In some embodiments, a liquefaction plant having an inlet connected to a
source of
gas may include a first mixer connected to the source of gas, a first
compressor for receiving a
stream of gas from the first mixer for producing a compressed gas stream, a
first splitter for
splitting the compressed gas stream from the first compressor into a cooling
stream and a
process stream, and a turbo compressor for compressing the cooling stream from
the first
splitter. The liquefaction plant may further include a heat exchanger for
cooling the process
stream into a liquid and a gas vapor, a separation tank for separating the gas
vapor from the
liquid of the process stream, and a storage tank connected to the separation
tank for storing
the liquid. Additionally, the liquefaction plant may include an apparatus
connecting the
separation tank to the first mixer, and an apparatus connecting the storage
tank to the first
mixer.
In additional embodiments, a method of liquefying natural gas from a source of
gas
using a liquefaction plant having an inlet for gas may include connecting a
first mixer to the
source of gas, and compressing a first stream of natural gas from the first
mixer for producing
a compressed gas stream.
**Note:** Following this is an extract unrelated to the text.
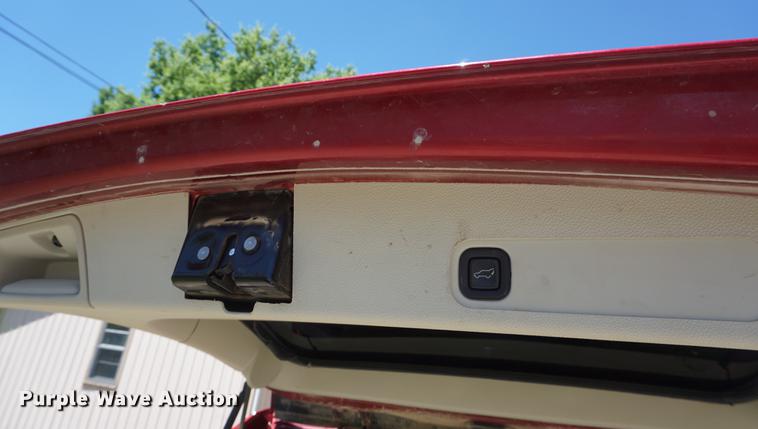 image for item DD7748 2013 Cadillac Escalade SUV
The method may further include splitting the process
stream using
a first splitter into a cooling stream and a process stream, compressing the
cooling stream
using a turbo expander, expanding the compressed cooling stream using a turbo
expander,
and cooling the process stream with a heat exchanger. Additionally, the method
may include
separating vapor from the liquid gas in a separation tank, storing liquid
natural gas in a
storage tank, flowing vapor from the separation tank and vapor from the
storage tank into the
first mixer to mix with gas from the source of gas, forming gas from liquid
natural gas in the
separation vessel using the heat exchanger, and flowing gas from the heat
exchanger to the
first mixer to mix with gas from the source of gas.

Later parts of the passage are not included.